### EXERCISE DESCRIPTION
Transcribe the line that contains "Butterfly Blossom - SIGAMEN137" and every line after it to the end of the records, exactly and nothing else. Skip the pictures.

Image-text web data
-.-.-

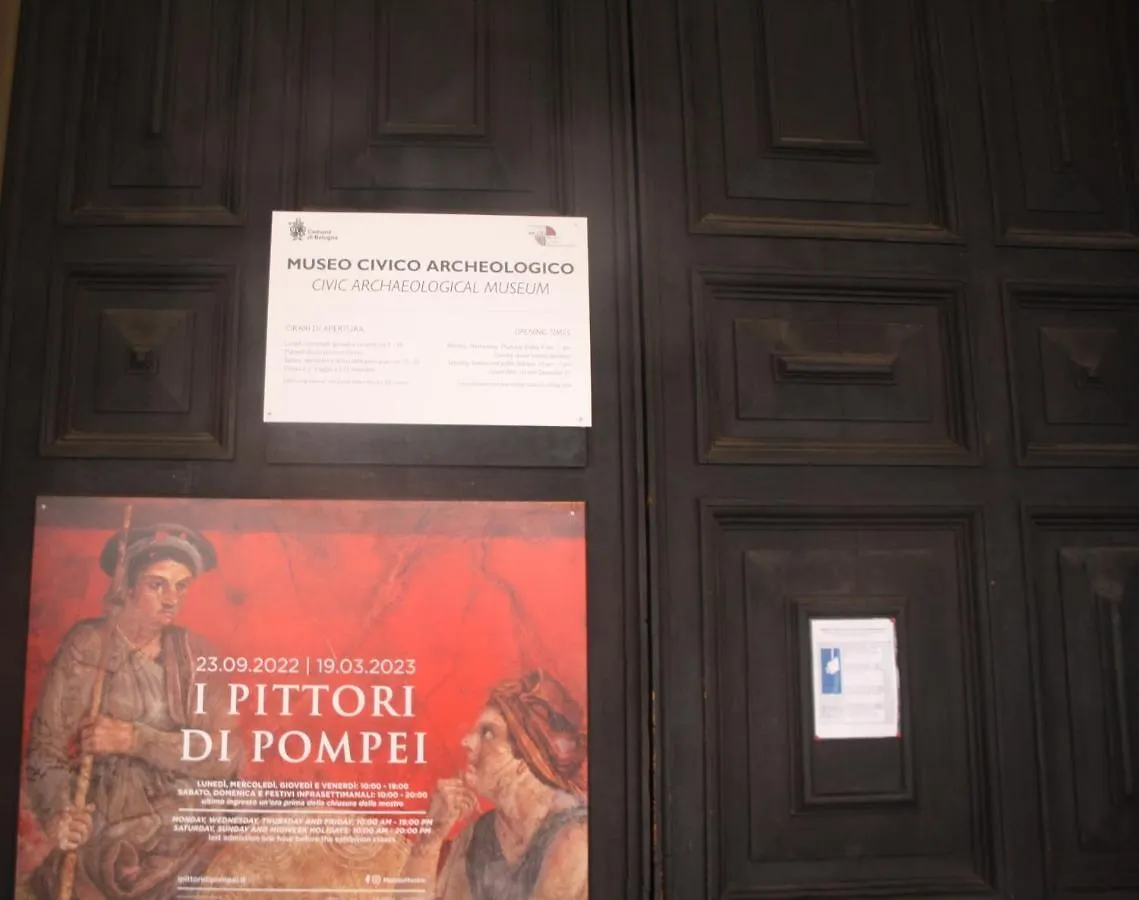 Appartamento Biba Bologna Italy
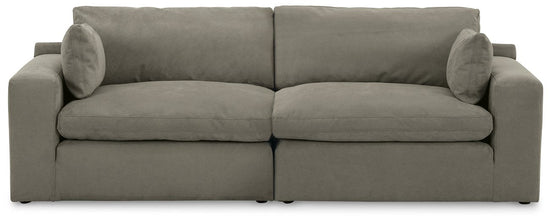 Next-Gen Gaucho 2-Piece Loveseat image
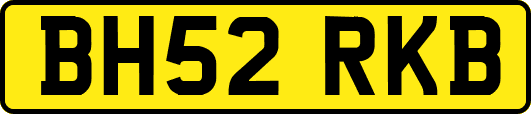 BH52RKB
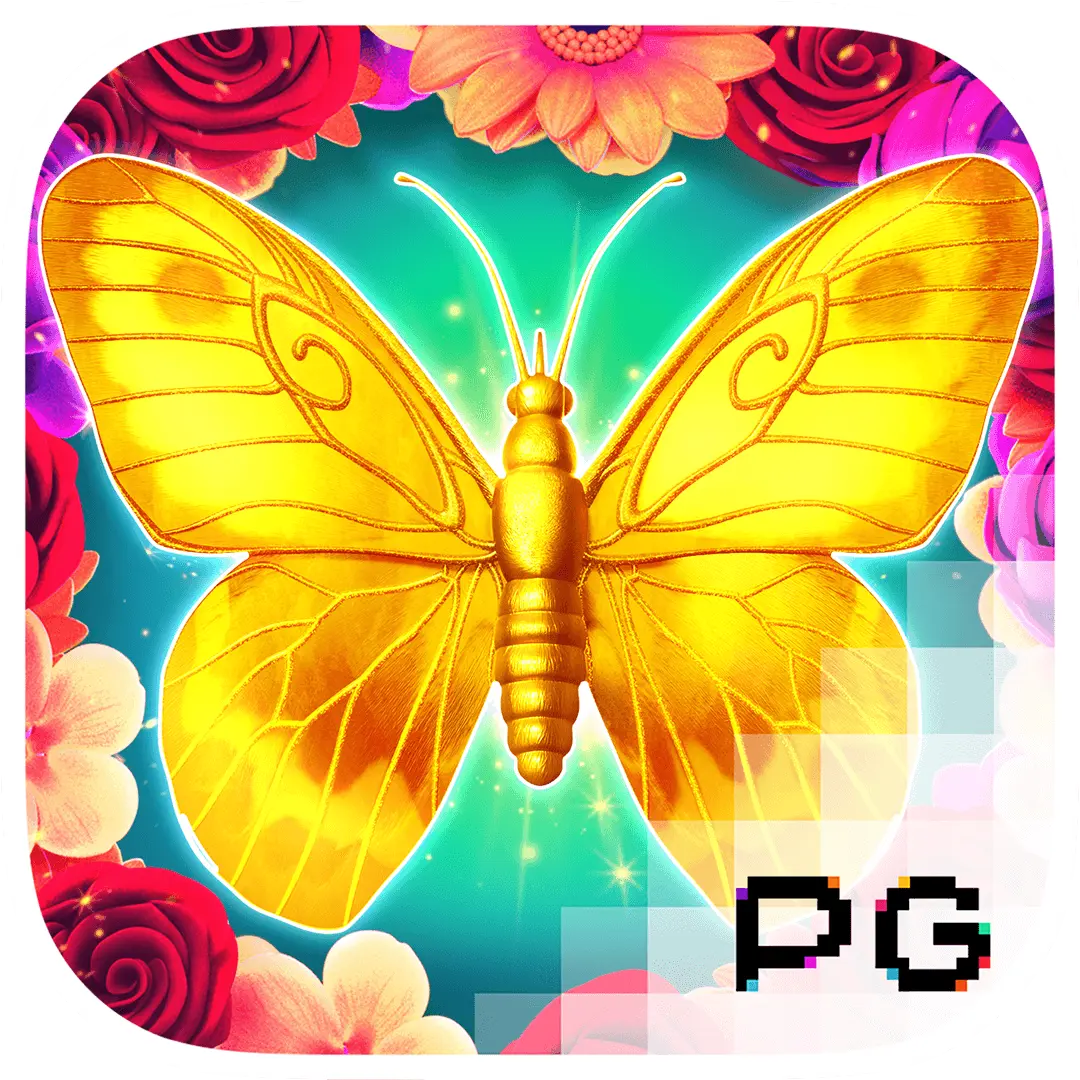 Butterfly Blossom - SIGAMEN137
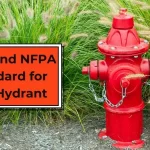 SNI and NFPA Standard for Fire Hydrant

-.-.-

### RESULT OF THE TASK
 Butterfly Blossom - SIGAMEN137
 SNI and NFPA Standard for Fire Hydrant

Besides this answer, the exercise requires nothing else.